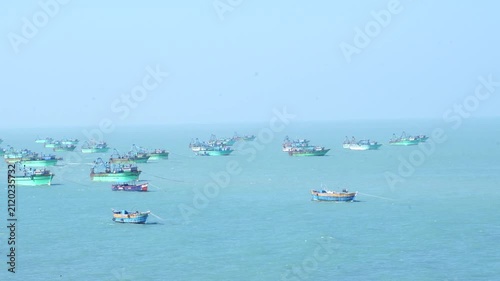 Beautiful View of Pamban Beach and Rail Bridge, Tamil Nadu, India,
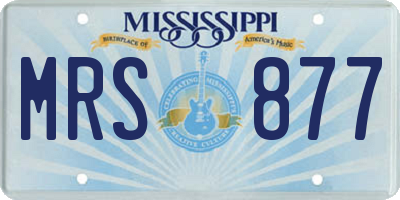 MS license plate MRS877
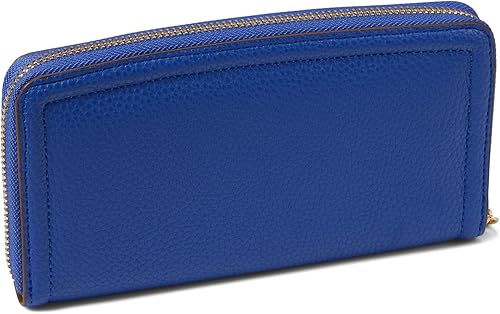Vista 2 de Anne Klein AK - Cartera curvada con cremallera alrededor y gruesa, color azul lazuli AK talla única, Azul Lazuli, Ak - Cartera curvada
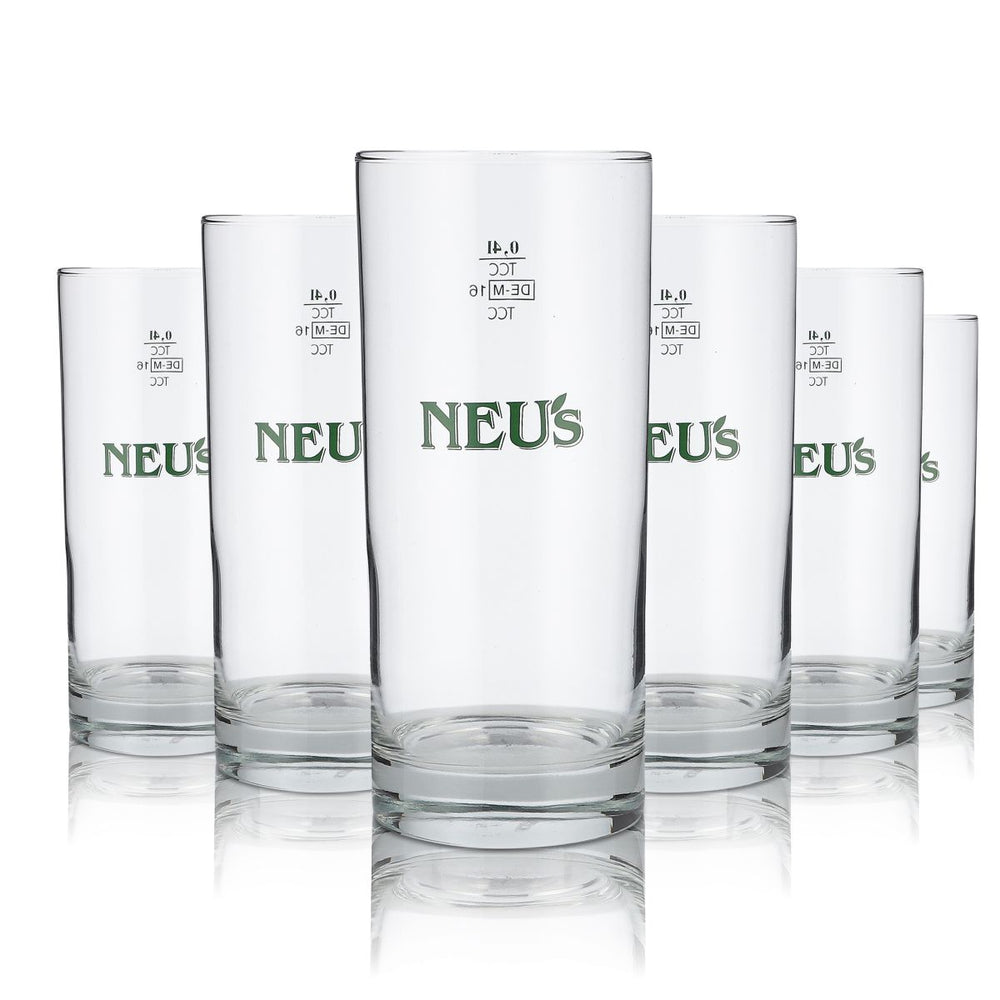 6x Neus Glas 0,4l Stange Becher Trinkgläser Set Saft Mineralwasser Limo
....
→ How to complete this task: An exact copy is needed of the lines running from the one with "MS license plate MRS877" through the end of the data above, and of those lines only, without pictures.

→ Written solution:
 MS license plate MRS877
Vista 2 de Anne Klein AK - Cartera curvada con cremallera alrededor y gruesa, color azul lazuli AK talla única, Azul Lazuli, Ak - Cartera curvada
 6x Neus Glas 0,4l Stange Becher Trinkgläser Set Saft Mineralwasser Limo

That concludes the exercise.